I thought it started a bit slow–or maybe it just took me a while to get past the fact that it is a sports biopic (two words that usually send a chill up the spine of a critic). The story seemed a bit distant, too. You have to see Cherry as a bruising young defenseman bounced between Hershey, Springfield and several other AHL towns to get who he is and what he becomes. There is no doubt that it was a tough life, but, for me, that part of the story could have been trimmed.
There are also too many shots of Cherry’s late wife Rose (played by Sarah Mannninen, right, with Keeso) sitting at a kitchen table pasting hockey stories into a scrap book.

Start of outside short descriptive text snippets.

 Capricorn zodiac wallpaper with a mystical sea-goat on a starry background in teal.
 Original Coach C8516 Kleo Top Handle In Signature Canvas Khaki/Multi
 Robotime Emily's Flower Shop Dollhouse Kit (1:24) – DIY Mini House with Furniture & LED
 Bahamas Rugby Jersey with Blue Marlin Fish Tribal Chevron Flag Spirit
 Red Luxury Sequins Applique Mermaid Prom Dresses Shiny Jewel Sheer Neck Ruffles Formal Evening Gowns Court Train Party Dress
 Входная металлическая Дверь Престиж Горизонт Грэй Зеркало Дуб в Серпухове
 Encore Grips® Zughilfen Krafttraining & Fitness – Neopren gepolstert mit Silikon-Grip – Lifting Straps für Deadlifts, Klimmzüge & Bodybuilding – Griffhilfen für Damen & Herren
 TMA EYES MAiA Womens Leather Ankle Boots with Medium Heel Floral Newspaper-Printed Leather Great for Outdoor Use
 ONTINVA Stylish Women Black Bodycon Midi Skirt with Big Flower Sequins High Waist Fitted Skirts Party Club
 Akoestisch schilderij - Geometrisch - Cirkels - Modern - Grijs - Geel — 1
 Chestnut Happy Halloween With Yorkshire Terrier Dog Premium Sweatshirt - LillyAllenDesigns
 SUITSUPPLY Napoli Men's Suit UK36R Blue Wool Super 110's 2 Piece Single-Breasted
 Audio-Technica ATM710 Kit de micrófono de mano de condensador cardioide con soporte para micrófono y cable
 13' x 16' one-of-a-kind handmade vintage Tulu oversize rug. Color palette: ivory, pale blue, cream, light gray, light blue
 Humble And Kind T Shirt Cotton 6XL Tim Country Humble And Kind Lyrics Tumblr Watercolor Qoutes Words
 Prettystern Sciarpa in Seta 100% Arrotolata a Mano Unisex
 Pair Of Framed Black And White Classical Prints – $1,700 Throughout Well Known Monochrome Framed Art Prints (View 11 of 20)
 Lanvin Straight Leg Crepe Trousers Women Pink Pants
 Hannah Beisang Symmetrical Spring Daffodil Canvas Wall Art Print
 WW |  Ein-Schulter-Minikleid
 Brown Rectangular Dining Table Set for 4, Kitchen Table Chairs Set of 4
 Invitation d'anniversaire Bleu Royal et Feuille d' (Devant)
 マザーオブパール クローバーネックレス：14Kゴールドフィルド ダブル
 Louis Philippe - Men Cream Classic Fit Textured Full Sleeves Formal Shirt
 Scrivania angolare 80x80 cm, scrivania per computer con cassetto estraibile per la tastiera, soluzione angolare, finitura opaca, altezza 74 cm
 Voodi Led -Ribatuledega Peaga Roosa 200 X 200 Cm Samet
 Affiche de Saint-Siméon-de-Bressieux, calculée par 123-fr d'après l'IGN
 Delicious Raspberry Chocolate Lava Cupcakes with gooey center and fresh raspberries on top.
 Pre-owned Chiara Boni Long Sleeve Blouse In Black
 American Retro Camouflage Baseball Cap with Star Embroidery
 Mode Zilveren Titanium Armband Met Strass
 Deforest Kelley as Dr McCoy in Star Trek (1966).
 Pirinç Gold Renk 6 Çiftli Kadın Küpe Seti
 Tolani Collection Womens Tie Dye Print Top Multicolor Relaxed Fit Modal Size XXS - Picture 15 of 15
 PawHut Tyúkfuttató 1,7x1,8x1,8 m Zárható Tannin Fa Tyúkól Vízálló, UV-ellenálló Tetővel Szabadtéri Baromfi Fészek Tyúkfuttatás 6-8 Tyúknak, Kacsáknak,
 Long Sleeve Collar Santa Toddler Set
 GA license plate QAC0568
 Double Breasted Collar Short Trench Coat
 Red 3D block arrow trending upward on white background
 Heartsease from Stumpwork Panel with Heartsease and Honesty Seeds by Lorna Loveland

She breaks out of that two dimensional role as the story moves into later years, when the family faced a crisis at home when young Tim needed a kidney transplant. Rose’s quiet heroics counters Cherry’s bluster. These two were an odd pair, but you can see that they were a team.
The more I watched, the more I was drawn into the story. I really liked the hockey scenes, including the recreations of game action shot at a brisk speed, generally a failing in most hockey dramas. It helps that Keeso played Junior with a couple of Ontario teams. (Even Cherry jokes that if he could have skated like Keeso, maybe he would have lasted more than one game in the NHL.)
An added bonus was the mix of actual Hockey Night in Canada footage from those classic Bruin-Canadien playoff runs in the ’70s. Habs fans will cheer again when Lafleur ties it up after that fatal too-many-men-on-the-ice call. Bruin fans will hate that part, but love seeing tough guys like Stan Jonathan beat the living daylights out of all comers.
Ian Tracy, always terrific, brings presence to his role as Cherry’s mentor/tormentor, Bruins GM Harry Sinden. The film takes us up to Cherry landing his iconic gig as a CBC commentator.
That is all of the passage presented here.